Thursday, February 23, 2012

Ode to a Former Starship Captain

     William Shatner is currently performing his one man show Shatner's World: We Just Live In It on Broadway.  It's always a risky prospect going to see or meet someone you have deep admiration for, but I went ahead and did it (with the moral support of some fellow admirers) and I'm pleased to say that it was quite charming overall.  He went over his history as a performer, told some anecdotes, told some (often funny) jokes, showed some well-chosen clips and did not overplay the "Shatner persona."
       In the end, what I found most gratifying about the evening was the chance to stand up and applaud.  I was, of course, one person in a huge room of standing, applauding people.  Mr. Shatner didn't see me as anything more than a face in a massive crowd.  However, on a personal level, it was shockingly affecting to be able to say thank you in this way.  I mean, this is a guy who had a profound effect on my life, a guy who (as Captain Kirk) helped me define what it actually meant to be a man, what it meant to stand up for for what's right and stand up to what's wrong.
      How often do you get the opportunity to actually thank your childhood hero?

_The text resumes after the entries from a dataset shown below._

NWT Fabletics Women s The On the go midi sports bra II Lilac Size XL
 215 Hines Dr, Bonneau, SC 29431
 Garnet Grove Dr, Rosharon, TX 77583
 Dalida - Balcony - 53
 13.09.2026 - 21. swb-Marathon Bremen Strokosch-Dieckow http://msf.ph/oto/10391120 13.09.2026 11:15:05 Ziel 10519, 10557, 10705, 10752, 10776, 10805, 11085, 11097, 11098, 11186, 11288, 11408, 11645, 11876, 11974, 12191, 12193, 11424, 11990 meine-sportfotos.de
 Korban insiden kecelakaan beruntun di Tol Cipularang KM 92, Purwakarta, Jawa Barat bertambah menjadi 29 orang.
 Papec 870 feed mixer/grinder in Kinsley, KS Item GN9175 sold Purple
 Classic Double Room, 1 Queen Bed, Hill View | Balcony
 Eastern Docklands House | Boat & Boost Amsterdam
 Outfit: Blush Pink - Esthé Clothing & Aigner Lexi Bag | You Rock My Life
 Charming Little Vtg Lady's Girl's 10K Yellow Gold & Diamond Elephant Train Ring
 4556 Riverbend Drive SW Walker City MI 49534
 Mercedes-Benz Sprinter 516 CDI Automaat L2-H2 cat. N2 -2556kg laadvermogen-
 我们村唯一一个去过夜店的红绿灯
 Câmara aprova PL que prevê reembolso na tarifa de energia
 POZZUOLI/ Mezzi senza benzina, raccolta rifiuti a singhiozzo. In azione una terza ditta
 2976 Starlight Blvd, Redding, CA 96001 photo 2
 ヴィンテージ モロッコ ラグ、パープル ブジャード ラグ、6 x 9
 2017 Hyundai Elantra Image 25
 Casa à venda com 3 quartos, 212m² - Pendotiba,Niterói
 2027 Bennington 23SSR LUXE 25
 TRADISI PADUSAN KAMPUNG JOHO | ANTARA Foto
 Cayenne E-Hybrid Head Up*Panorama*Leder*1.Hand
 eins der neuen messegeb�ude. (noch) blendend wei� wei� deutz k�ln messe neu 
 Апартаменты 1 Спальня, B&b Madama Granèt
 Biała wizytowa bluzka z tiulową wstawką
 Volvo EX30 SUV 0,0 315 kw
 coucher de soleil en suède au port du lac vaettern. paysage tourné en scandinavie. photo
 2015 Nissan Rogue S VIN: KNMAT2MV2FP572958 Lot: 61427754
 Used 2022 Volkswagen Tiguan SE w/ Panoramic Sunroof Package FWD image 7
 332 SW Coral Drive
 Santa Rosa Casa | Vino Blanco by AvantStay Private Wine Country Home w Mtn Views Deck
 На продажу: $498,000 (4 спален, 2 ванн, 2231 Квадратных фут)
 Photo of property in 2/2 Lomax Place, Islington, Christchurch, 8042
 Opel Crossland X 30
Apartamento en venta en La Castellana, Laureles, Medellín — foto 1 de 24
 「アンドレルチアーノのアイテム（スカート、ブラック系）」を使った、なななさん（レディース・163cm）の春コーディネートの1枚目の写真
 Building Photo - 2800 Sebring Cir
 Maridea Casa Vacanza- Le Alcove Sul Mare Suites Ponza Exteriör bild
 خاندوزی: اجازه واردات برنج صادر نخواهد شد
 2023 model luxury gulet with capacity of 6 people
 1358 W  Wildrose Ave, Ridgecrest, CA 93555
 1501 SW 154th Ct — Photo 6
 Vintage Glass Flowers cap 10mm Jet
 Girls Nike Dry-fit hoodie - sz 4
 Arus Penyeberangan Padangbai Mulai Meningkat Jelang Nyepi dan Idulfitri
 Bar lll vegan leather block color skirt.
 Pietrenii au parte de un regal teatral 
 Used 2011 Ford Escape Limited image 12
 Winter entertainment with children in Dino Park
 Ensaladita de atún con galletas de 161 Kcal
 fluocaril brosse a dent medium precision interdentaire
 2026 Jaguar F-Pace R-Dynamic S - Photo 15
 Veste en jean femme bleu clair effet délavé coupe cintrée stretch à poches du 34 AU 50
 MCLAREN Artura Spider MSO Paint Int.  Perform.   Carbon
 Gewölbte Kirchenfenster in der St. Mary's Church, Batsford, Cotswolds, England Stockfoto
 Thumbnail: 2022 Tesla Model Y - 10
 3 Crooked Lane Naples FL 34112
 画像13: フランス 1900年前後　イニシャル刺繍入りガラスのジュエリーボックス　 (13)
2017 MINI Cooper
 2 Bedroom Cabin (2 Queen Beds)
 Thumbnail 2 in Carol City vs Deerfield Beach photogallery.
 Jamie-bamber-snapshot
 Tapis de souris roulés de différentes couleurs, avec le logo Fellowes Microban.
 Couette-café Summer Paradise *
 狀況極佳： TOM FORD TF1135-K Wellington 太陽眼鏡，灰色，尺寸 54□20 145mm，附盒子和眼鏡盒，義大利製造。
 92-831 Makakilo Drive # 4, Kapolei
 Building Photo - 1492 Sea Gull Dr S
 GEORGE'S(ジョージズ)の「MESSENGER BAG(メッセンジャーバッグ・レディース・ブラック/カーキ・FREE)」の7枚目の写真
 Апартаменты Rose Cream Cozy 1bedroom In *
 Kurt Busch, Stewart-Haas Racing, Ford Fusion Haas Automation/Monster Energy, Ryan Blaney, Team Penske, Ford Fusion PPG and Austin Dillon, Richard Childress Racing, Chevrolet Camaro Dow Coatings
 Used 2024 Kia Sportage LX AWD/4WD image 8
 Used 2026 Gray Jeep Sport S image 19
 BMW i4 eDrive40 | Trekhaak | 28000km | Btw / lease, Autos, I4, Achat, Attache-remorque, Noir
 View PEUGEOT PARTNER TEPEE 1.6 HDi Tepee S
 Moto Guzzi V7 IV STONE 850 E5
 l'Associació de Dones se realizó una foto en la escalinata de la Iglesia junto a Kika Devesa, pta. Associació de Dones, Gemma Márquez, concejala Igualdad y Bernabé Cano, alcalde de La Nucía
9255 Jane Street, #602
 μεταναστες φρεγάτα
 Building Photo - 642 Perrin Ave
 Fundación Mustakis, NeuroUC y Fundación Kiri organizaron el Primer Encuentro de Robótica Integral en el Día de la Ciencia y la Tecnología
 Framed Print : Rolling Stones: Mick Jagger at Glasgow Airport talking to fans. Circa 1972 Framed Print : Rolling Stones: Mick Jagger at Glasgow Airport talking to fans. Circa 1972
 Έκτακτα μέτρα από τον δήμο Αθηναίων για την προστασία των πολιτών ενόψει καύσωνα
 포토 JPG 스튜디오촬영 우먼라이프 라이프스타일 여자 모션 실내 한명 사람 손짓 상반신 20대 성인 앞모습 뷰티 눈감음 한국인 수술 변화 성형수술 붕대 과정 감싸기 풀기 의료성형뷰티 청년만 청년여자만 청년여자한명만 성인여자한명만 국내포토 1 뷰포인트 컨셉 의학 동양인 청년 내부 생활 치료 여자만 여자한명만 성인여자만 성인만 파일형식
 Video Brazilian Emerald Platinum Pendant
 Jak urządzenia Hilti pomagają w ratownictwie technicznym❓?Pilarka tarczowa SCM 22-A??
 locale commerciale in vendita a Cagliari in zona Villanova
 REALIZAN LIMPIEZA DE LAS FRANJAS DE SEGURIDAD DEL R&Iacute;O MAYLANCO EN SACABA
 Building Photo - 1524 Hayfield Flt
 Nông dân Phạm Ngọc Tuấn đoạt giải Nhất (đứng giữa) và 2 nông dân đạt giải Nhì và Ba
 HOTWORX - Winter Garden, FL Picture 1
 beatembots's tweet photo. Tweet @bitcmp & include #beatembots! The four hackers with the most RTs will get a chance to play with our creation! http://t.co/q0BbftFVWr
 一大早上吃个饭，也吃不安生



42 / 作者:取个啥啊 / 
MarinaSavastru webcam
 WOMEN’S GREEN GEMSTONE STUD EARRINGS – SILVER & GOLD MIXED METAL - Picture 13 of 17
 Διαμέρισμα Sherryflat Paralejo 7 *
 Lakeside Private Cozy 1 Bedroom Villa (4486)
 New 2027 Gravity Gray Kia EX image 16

Thursday, September 15, 2011

We Can Rebuild Him

     Does anyone remember The Six Million Dollar Man?  Apparently Kevin Smith does (he's involved in a new comic book based on his movie script for an aborted cinematic update of the concept).  I do, too, with extreme fondness.  I was just the right age for the slow-motion heroics and to embrace Lee Majors' somewhat stony interpretation of the part.  The concept of a man becoming that intimate with technology (his right arm, left eye and both legs were bionic) did not particularly trouble me.  Cyborgs were already de rigueur in Sci-Fi, familiar even to a wee lad like me.  And, after all, it wasn't as though the technology was having a psychological effect on him.
     I bet Max Barry remembers it, too.  In Machine Man, he takes the central idea of the cyborg and adds in all the abnormal psychology, corporate menace and black humor that The Six Million Dollar Man did not feature.  Barry's wicked and disturbing take on corporate shenanigans was on full display in his excellent Jennifer Government and is not in short order here either. You also get a compulsively readable style, a morally dubious protagonist who Barry magnificently put you fully on the side of, and an unexpectedly poignant love story.  I suppose that it goes without saying that the examination of a world (and a man) that is so willing to integrate itself on the most intimate level with technology is all the more relevant now than it was back in the 1970's.  Unlike the fondly remembered Six Million Dollar Man, Machine Man is not about a cyborg hero, but is all about the psychological weight of the technology we embrace.